▶ Goal of the exercise: With pictures left out, output exactly the lines from the line holding "Skechers Go Golf" through the end of the data, both included.

▶ Exercise inputs:
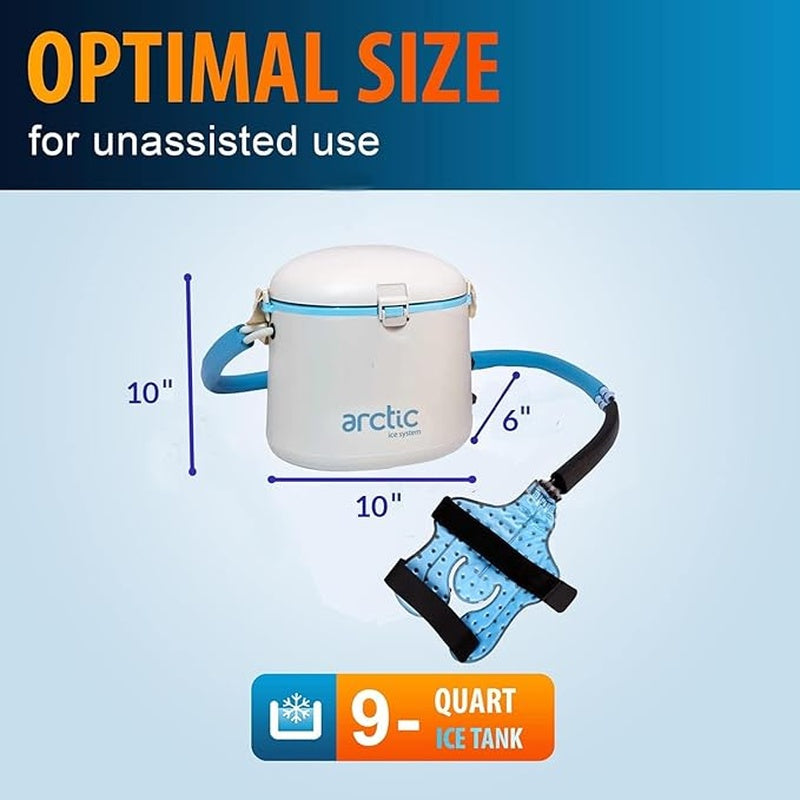 arctic ice system cold water therapy device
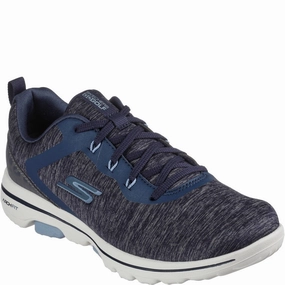 Skechers Go Golf Walk 5 Golf Shoes Lightweight Running Shoes,Slip On Athletic Shoes,Breathable Workout Shoes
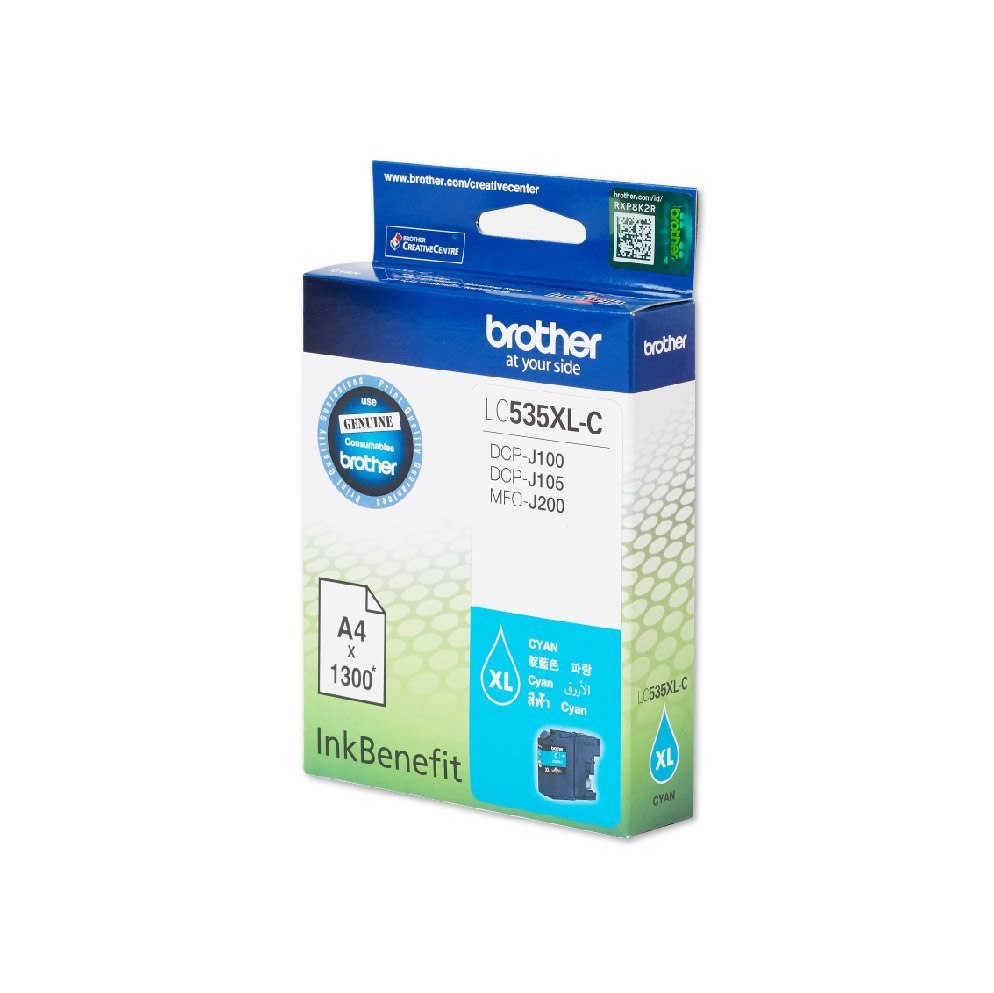 Brother / High Yield Cyan Cartridge For DCPJ105/ MFCJ200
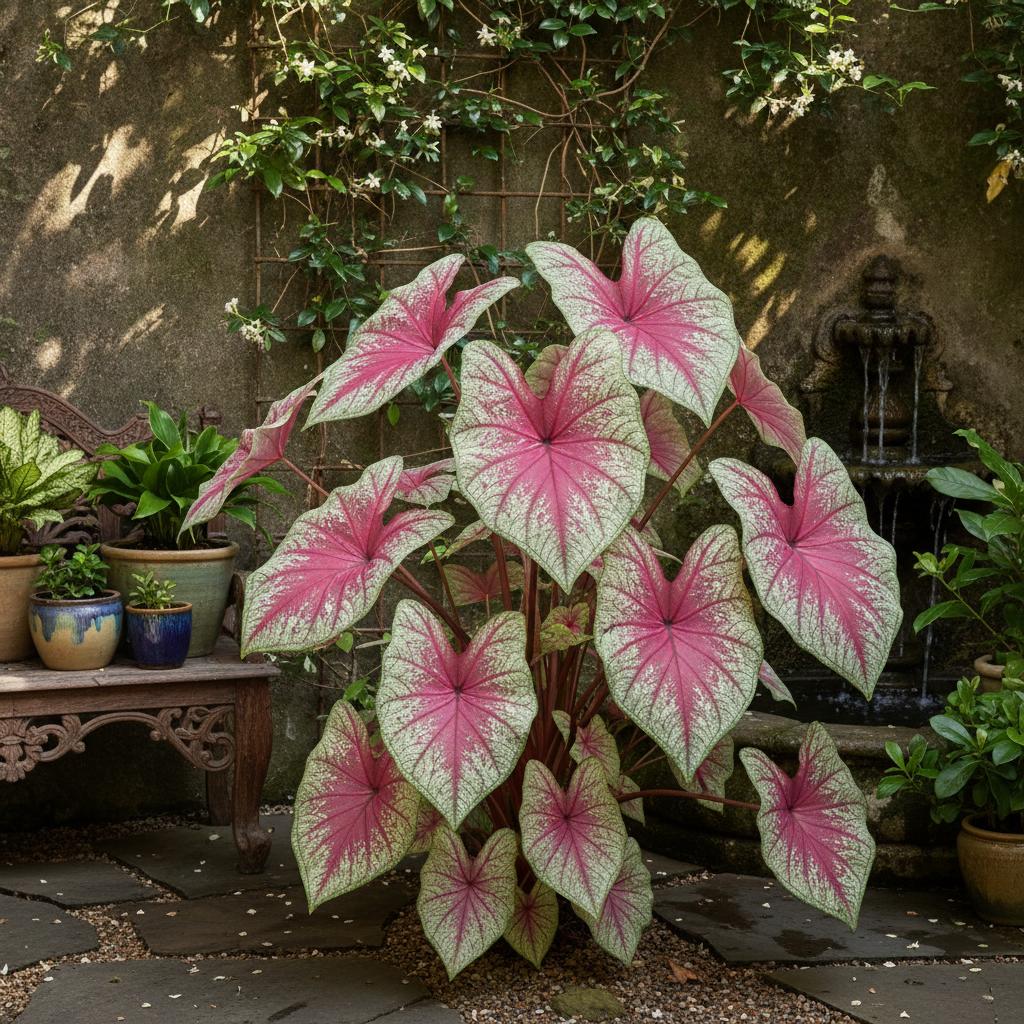 Kaladium 'Party Punch' (Caladium 'Party Punch')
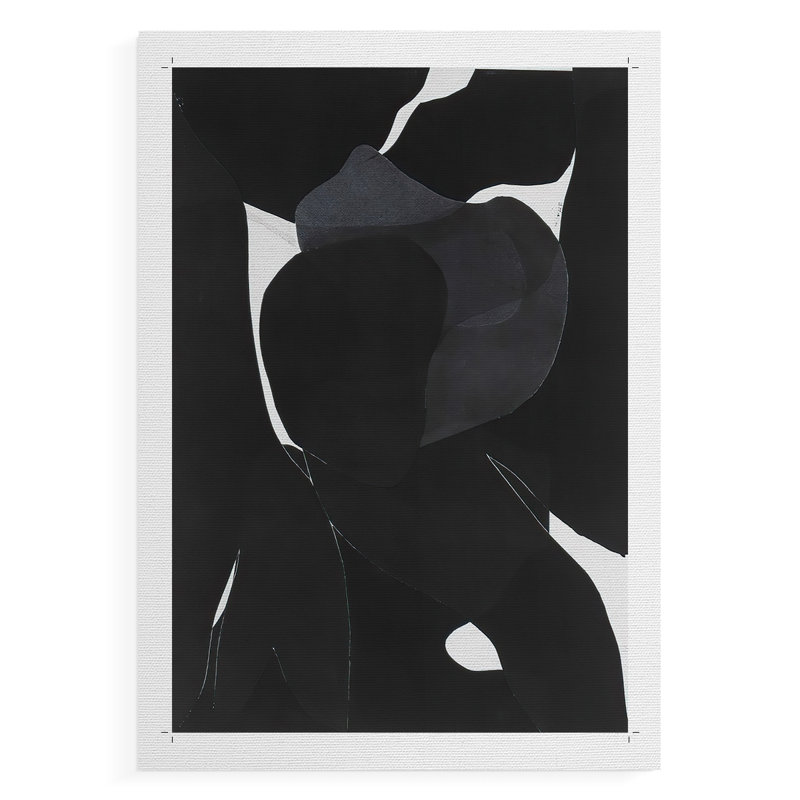 Night Bloom I - impressions sur toile seulement - non encadré, H 36 po x l 24 po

▶ Completed exercise:
 Skechers Go Golf Walk 5 Golf Shoes Lightweight Running Shoes,Slip On Athletic Shoes,Breathable Workout Shoes
 Brother / High Yield Cyan Cartridge For DCPJ105/ MFCJ200
 Kaladium 'Party Punch' (Caladium 'Party Punch')
 Night Bloom I - impressions sur toile seulement - non encadré, H 36 po x l 24 po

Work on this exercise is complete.